GOAL OF THE EXERCISE: From the data below, return only the lines from the one with "Tapis de bureau" through the one with "GENERICO - Polo con estampado para mujer", exact and inclusive, with pictures left out.

EXTRACTED RECORDS:
★ ★ ★ ★ ★
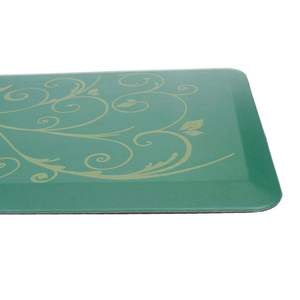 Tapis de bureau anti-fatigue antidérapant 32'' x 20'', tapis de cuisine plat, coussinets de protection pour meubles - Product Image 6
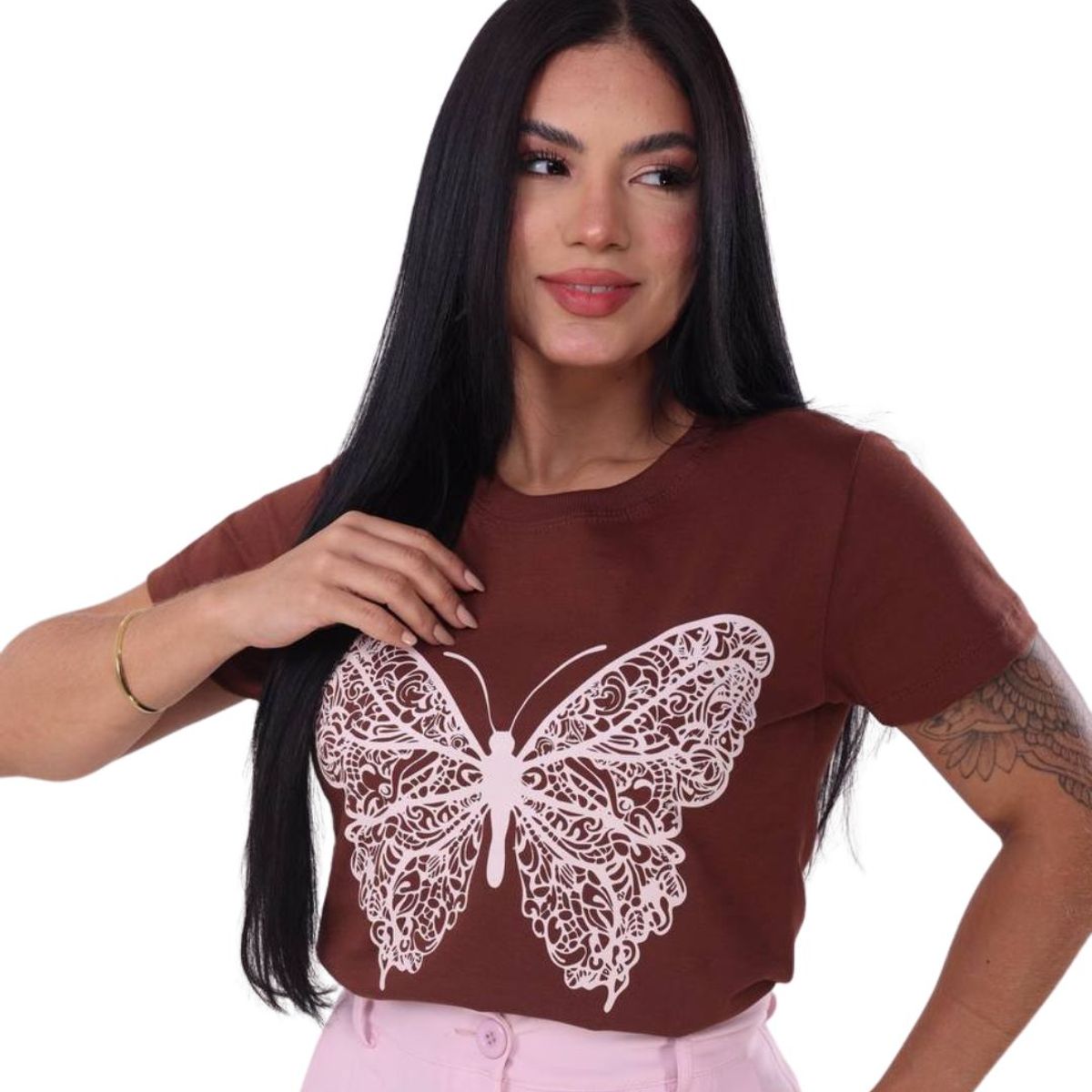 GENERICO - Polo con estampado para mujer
★ ★ ★ ★ ★
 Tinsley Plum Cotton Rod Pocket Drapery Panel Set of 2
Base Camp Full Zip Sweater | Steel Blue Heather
★ ★ ★ ★ ★
EXERCISE SOLUTION:
 Tapis de bureau anti-fatigue antidérapant 32'' x 20'', tapis de cuisine plat, coussinets de protection pour meubles - Product Image 6
 GENERICO - Polo con estampado para mujer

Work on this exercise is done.